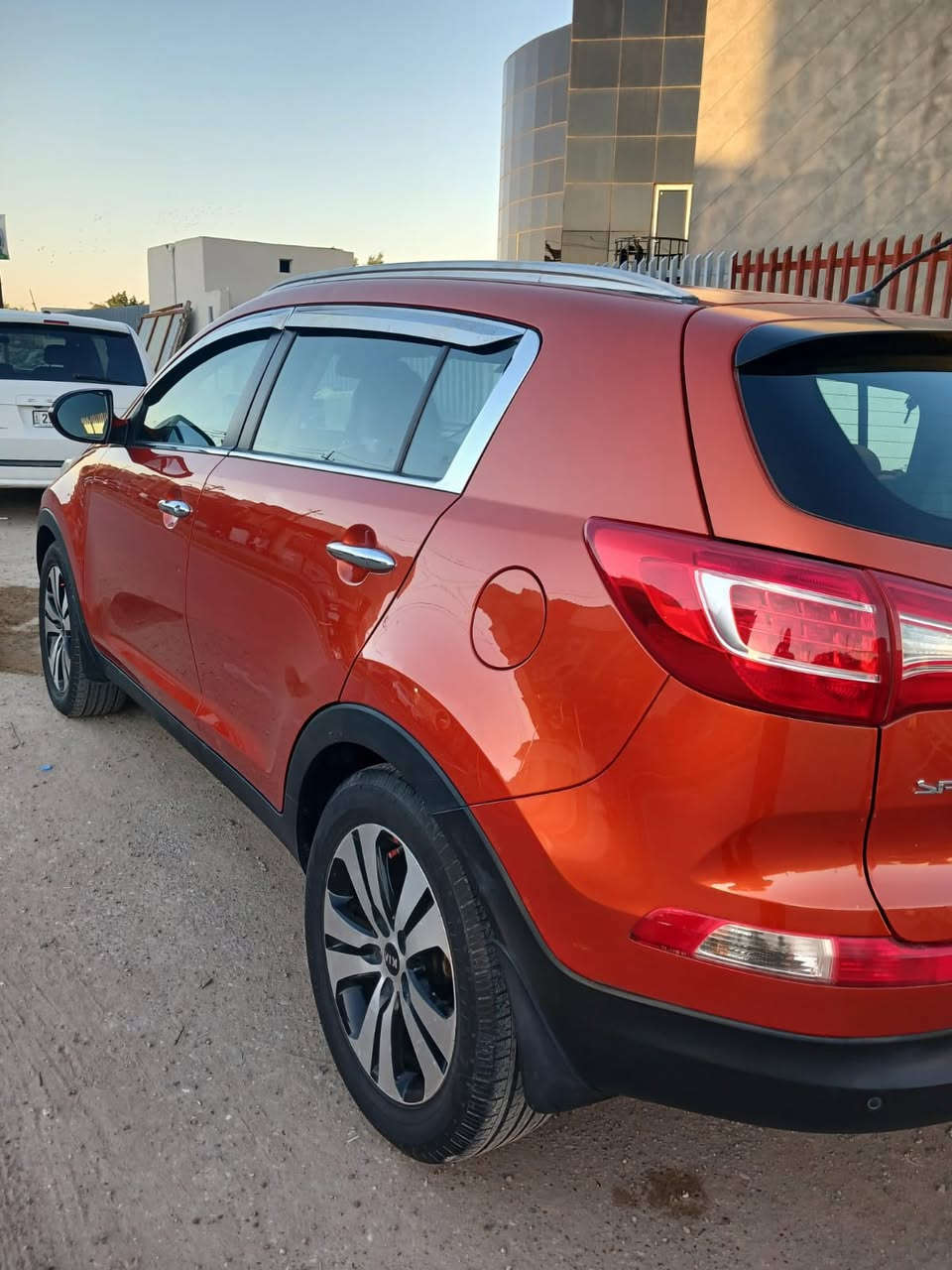 السلام عليكم.
للبيع سبورتج 2014 خليجيه مكفوله 
مكان السياره بغداد اليوسفيه قصر الاوسط 
السعر 145وبيها مجال 
للاتصال :***********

---------------

* _Task instructions_
Reproduce each entry verbatim, excluding any embedded images.

* _Answer to the problem_
 السلام عليكم.
للبيع سبورتج 2014 خليجيه مكفوله 
مكان السياره بغداد اليوسفيه قصر الاوسط 
السعر 145وبيها مجال 
للاتصال :***********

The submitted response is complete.